[GIVEN DATA]
--------

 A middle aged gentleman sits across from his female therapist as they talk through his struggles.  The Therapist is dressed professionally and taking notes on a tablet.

--------

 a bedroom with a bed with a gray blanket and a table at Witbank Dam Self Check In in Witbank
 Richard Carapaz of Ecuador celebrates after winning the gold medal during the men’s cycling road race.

--------

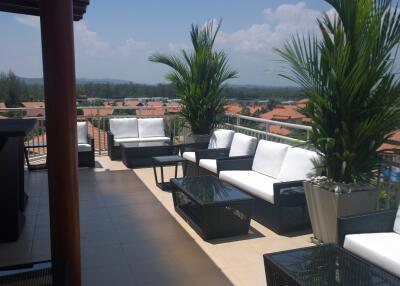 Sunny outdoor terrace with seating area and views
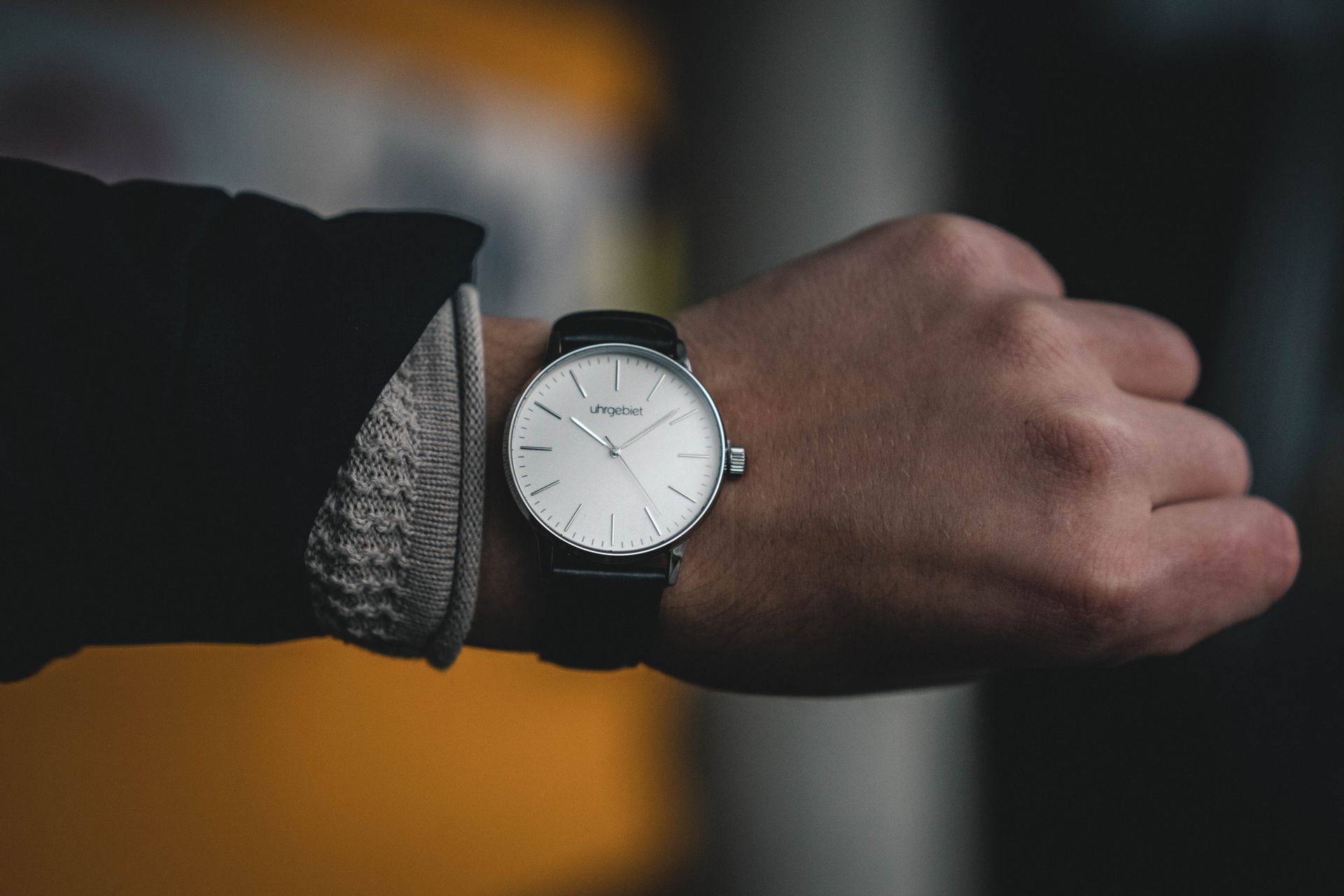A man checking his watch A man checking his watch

--------

[WORK REQUEST]
Word for word, restate the lines above from the line containing "a bedroom with" through the line containing "Richard Carapaz of", with both included and nothing else.

[RESULT OF THIS TASK]
 a bedroom with a bed with a gray blanket and a table at Witbank Dam Self Check In in Witbank
 Richard Carapaz of Ecuador celebrates after winning the gold medal during the men’s cycling road race.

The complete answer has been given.